A dire il vero viene proprio difficile comprendere l’esigenza di un sindacato, quando i calciatori professionistici, a seguito del libero mercato comunitario, godono di stipendi faraonici e, grazie all’assistenza dei loro procuratori, riescono a garantirsi tutte le tutele già nella stipula dei contratti.

Invece, oggi, abbiamo calciatori (e in minor misura anche tecnici) che hanno contratti e stipendi superiori anche a manager e liberi professionisti e granitiche forme di tutela sulle quali neanche i dipendenti pubblici possono più fare affidamento.

Inoltre, nonostante l’art. 16 del Decreto “Melandri” preveda che la rappresentatività all’interno delle federazioni sportive venga riconosciuta parimenti agli atleti dell’area professionistica e di quella dilettantistica, l’A.I.C. discrimina questi ultimi (che poi sono quelli che potrebbero realmente avere necessità di forme di tutela), considerato che l’Assemblea Generale è composta da 127 calciatori professionisti e da soli 20 calciatori dilettanti, mentre nel Direttivo la proporzione è di 22 a 3; non a caso, nell’elenco delle numerose azioni sindacali dell’Assocalciatori, ben poche riguardano il mondo dilettantistico. L’A.I.A.C., almeno, garantisce l’equilibrio tra le due categorie, prevedendo che nel Consiglio Direttivo siano presenti 6 allenatori professionisti ed altrettanti del mondo dilettantistico.

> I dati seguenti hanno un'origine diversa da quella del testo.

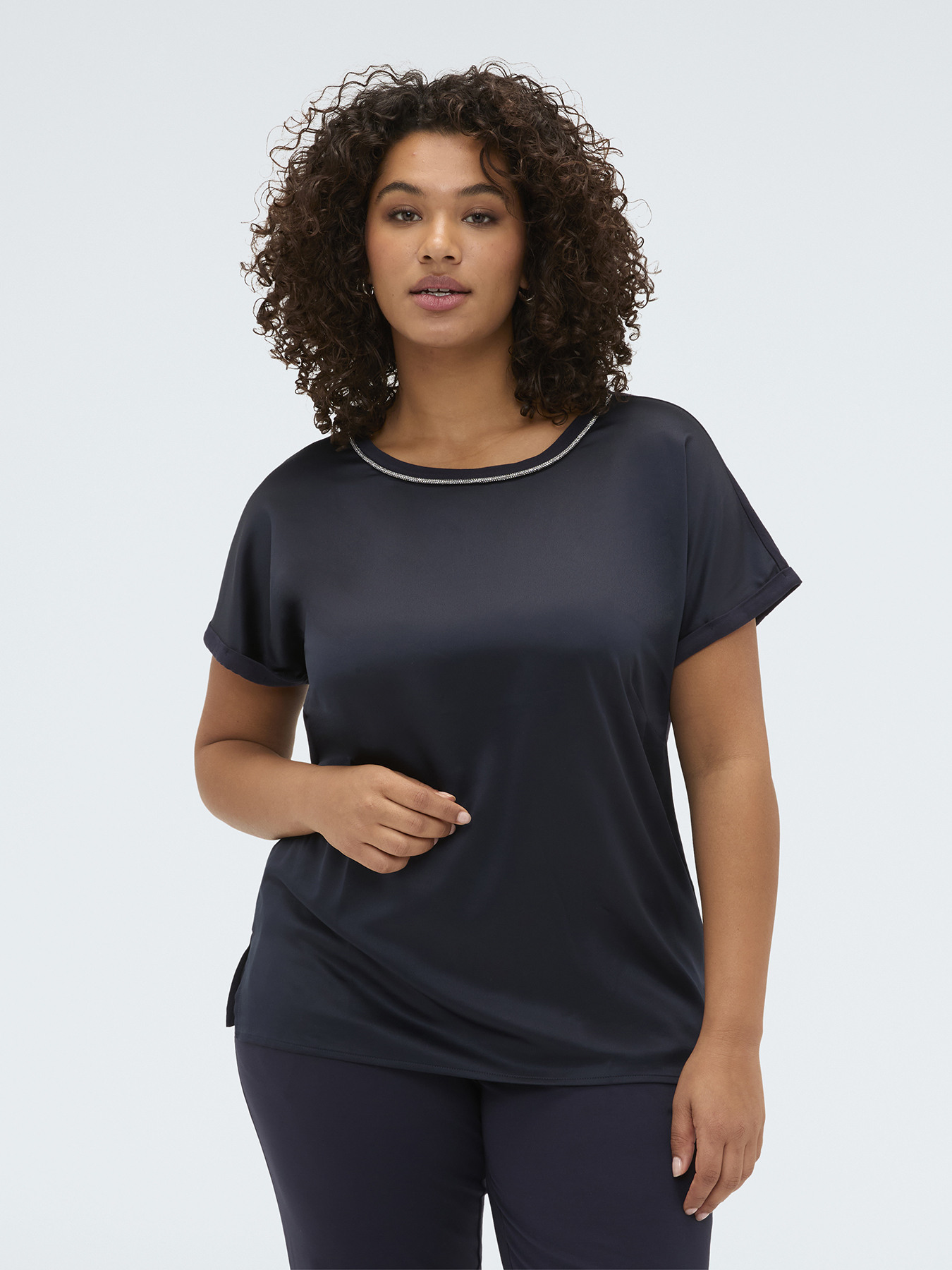Zweifarbiges T-Shirt mit leuchtenden Applikationen image number 0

E’ alquanto singolare che il nucleo investigativo di Via In Selci ed i pubblici ministeri della Procura di Napoli, da circa sei anni, stiano continuando a rivoltare da cima a fondo la politica federale del governo del calcio, pur di trovare qualche puntello a sostegno dell’esistenza di una presunta “Cupola”, intravedendo reati anche laddove il processo di Napoli ha dimostrato non ve ne fossero, e non accorgendosi, invece, delle violazioni di legge ancora tutt’oggi esistenti.